In the team's return to the Champions League in 2012-13, Juve drew their first three matches before exploding for three wins to a tricky group that included Chelsea and Shakhtar Donetsk. They then crushed Celtic in the round of 16 before going out to eventual champions Bayern Munich.
Combined with their second straight title it earned the club accolades as a dark horse contender for the 2013-14 title. ESPNFC's Gab Marcotti evenpicked them to win the entire competition.
But the Italian champions only managed draws against Copenhagen and Galatasaray. They managed to take a point off of Real Madrid in two spirited matches and beat Copenhagen in a must-win contest, but a controversial 1-0 loss to Gala ended their tournament and dropped them to the Europa League.
They had the chance to play the final of Europe's secondary competition in their own stadium, but missed the final after conceding a late goal in the away leg against Benfica and failing to break through Benfica's negative tactics in the return game.
Many have pointed to the same 3-5-2 system that has so dominated the Italian game as the reason they have failed in Europe. They have also pointed to Conte's continued reliance on it as a weakness on his part, even an arrogance.
The first half of that evaluation holds some truth. The second holds none.
The 3-5-2 has indeed proven weak against top-level wing players like Arjen Robben. If a winger is able to slip behind the wing-backs he can run rampant and stretch the back three to the breaking point.

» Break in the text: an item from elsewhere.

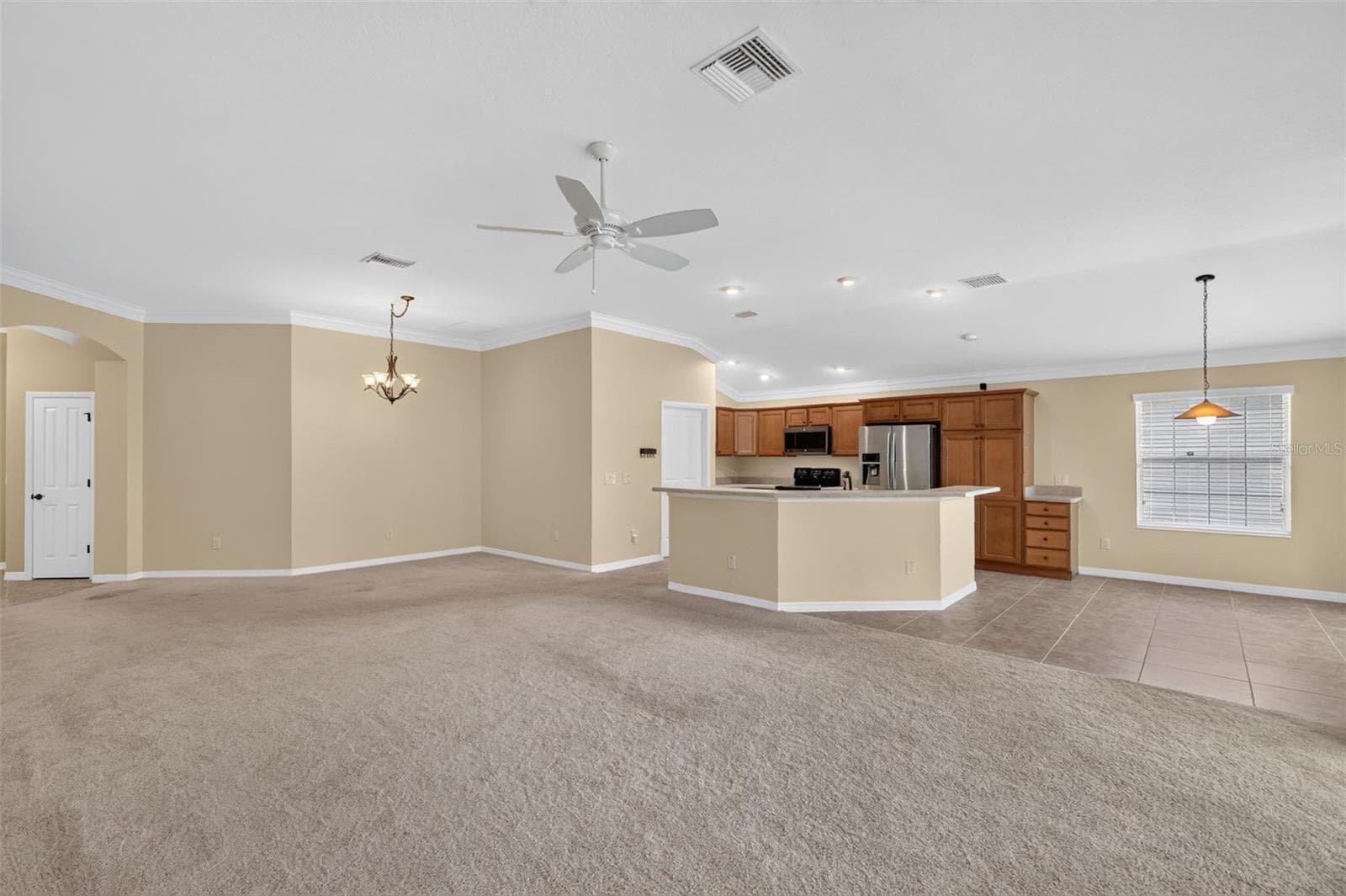 Kitchen, Dinette, Living, and Dining Rooms - 791 ENISGROVE WAY, THE VILLAGES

But Conte's continual use of the 3-5-2 in Europe stemmed purely from the fact that it fit his players better than any other formation. His squad lacked a left-back and the wing players necessary to make a formation like the 4-3-3—which could solve many of these weaknesses on the wing—a viable every-game option. He experimented with it against Real Madrid this season with some success, but the players he has available to fill those missing roles don't belong there on an everyday basis.
Juve's failures in Europe come down to squad composition, not coaching. In truth, Conte has brought Juventus success that no one envisioned when he took over three years ago. At that point, the goal was simply to return to European competition. It was expected that it would take at least three years for the team to be ready to contend for a scudetto again.
Instead, Conte has accelerated that plan. The success that he has brought has been a double-edged sword. After so many accolades so quickly, the fans want more, even though the team may not truly be ready for it.
To take a team so deeply seated in crisis to three straight league titles and the brink of a European breakout in such a short amount of time is a remarkable coaching feat. It's one that will leave Conte a place in the annals of Juve's best coaches. His reign has been an unqualified success—and who knows what more may be in store.